The diocese has revealed plans to place the 15th-century Plantagenet king, whose body was recently discovered by archaeologists, under a ledger stone – no more than a simple slab – in the cathedral’s chancel. Proposals for a more ornate monument were, it said, “disproportionate”. York has also not given up on its claim for the rights to the royal bones. Richard’s lineage stretches back to the northern city, as many schoolchildren know.
The Richard III Society, which was closely involved in the project to find the grave, had also put forward its own design for a tomb. Its East Midlands Branch Secretary, Sally Henshaw, said she was “very disappointed” their idea for a large, limestone table-top design had been shunned.
“There has been a ledger stone dedicated to Richard III in Leicester cathedral since 1982, before his remains were discovered.

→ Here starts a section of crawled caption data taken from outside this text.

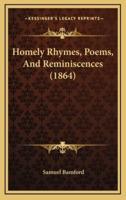 Homely Rhymes, Poems, and Reminiscences (1864)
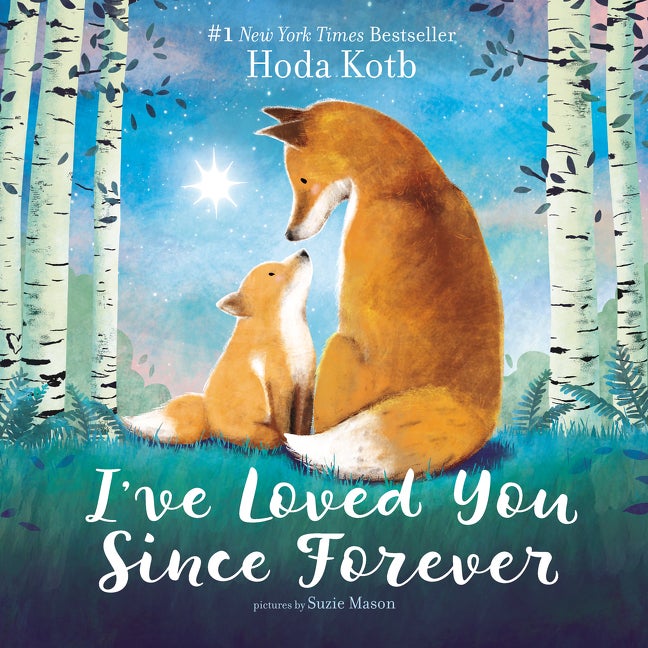 Item #53372 I've Loved You Since Forever Board Book. Hoda Kotb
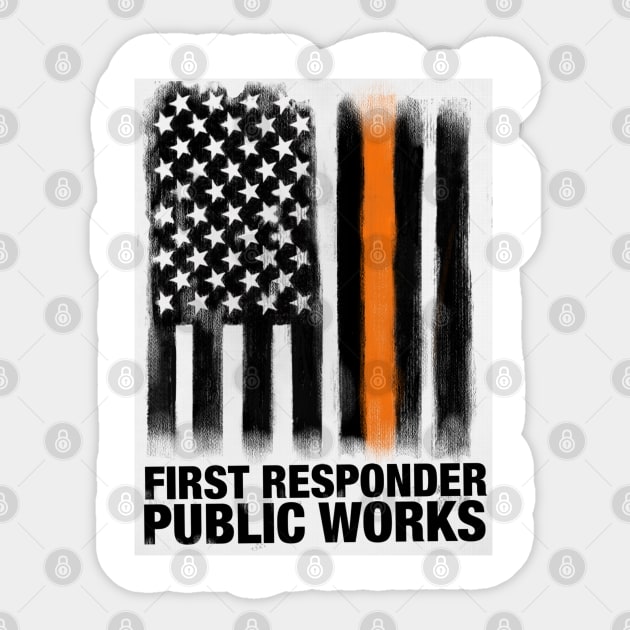 First responder. Public works Sticker by stuff101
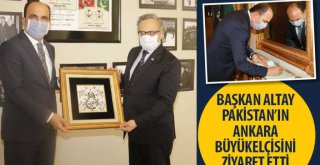 Başkan Altay Pakistan'ın Ankara Büyükelçisini Ziyaret Etti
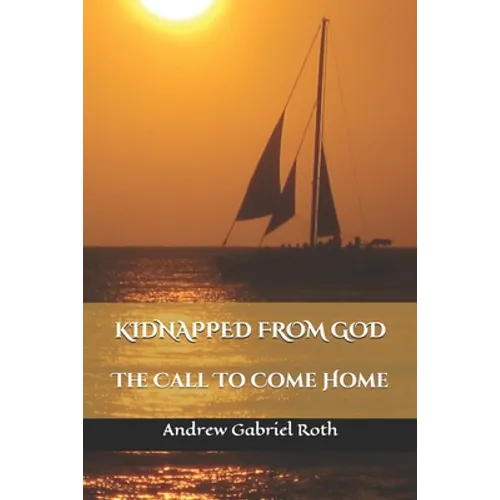 Kidnapped from God: The Call to Come Home - Paperback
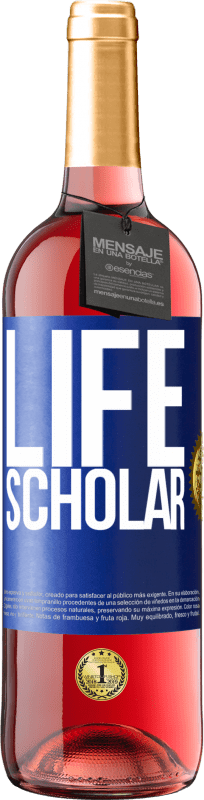 29,95 € Envio grátis | Vinho rosé Edição ROSÉ Life Scholar Etiqueta Azul. Etiqueta personalizável Vinho jovem Colheita 2023 Tempranillo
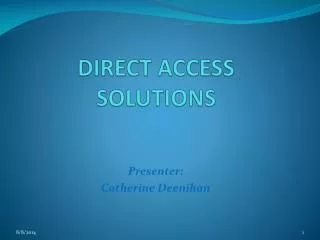 DIRECT ACCESS SOLUTIONS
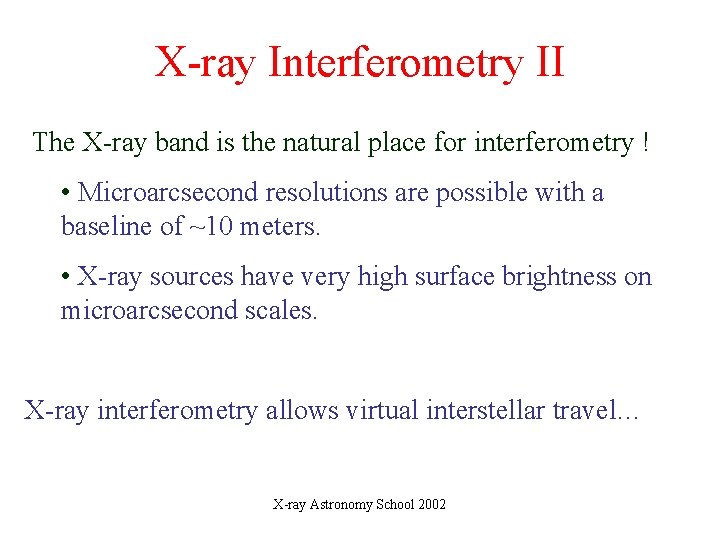 X-ray Interferometry II The X-ray band is the natural place for interferometry ! •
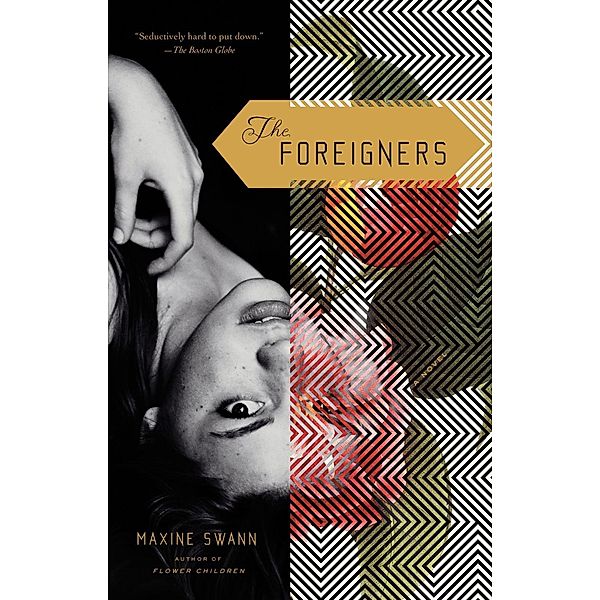 The Foreigners, Maxine Swann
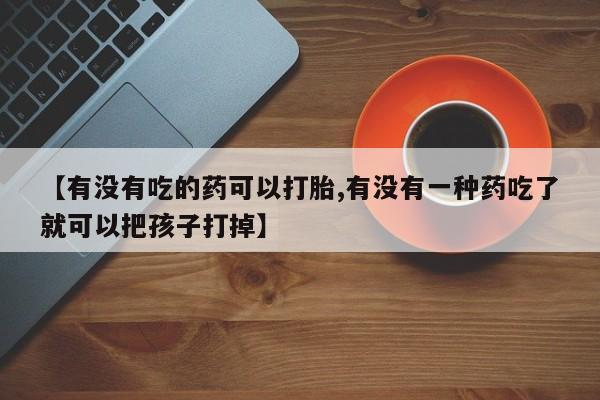 吃什么药可以流产堕胎、【有没有吃的药可以打胎,有没有一种药吃了就可以把孩子打掉】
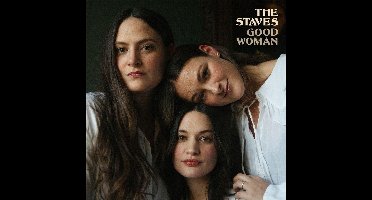 Staves - Good Woman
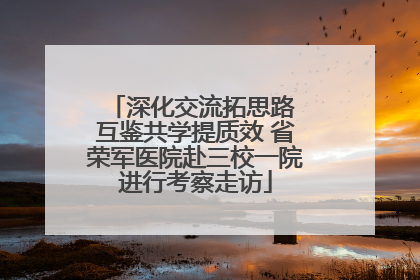 深化交流拓思路 互鉴共学提质效 省荣军医院赴三校一院进行考察走访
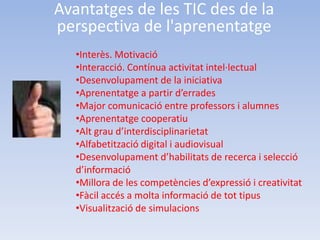 Avantatges de les TIC des de la
perspectiva de l'aprenentatge
   •Interès. Motivació
   •Interacció. Contínua activitat intel·lectual
   •Desenvolupament de la iniciativa
   •Aprenentatge a partir d’errades
   •Major comunicació entre professors i alumnes
   •Aprenentatge cooperatiu
   •Alt grau d’interdisciplinarietat
   •Alfabetització digital i audiovisual
   •Desenvolupament d’habilitats de recerca i selecció
   d’informació
   •Millora de les competències d’expressió i creativitat
   •Fàcil accés a molta informació de tot tipus
   •Visualització de simulacions
 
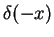 $\displaystyle \delta(-x)$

To simply have another stone does not, I think, really reflect his status as an anointed king, the last of the Plantagenets and his warrior death,” she said. “I think people who will come from all over the world, who have been fascinated by the story, will be disappointed”.
In its defence, there is a case for Leicester’s minimalism. Rumours that Richard III interred his young nephews in the Tower of London, and then murdered them, persist more than 500 years later. Officials said the cathedral was a “modest” building which might be dominated by a large monument and they were keen to avoid anything which was a “pastiche”.
Canon Barry Naylor, acting dean of Leicester Cathedral, said: “We hope it will be a place of dignified simplicity which will give honour to Richard by the prominent location it has, close to the holiest place in the cathedral. “One of the things we have to do at the cathedral is to consider the whole life of the cathedral and [we need] a tomb which will fit into that and we think a ledger stone will be more appropriate rather than a big edifice.”
Richard III reigned for only 26 months, was praised for his cleverness and bravery, but castigated for being a hunchback with a limp and a withered arm,
He was killed at the battle of Bosworth by the forces of the man who would become Henry VII, and was hastily buried in the church of Greyfriars. His wife, Anne Neville, is buried in Westminster Abbey, but his burial next to her has been all but ruled out.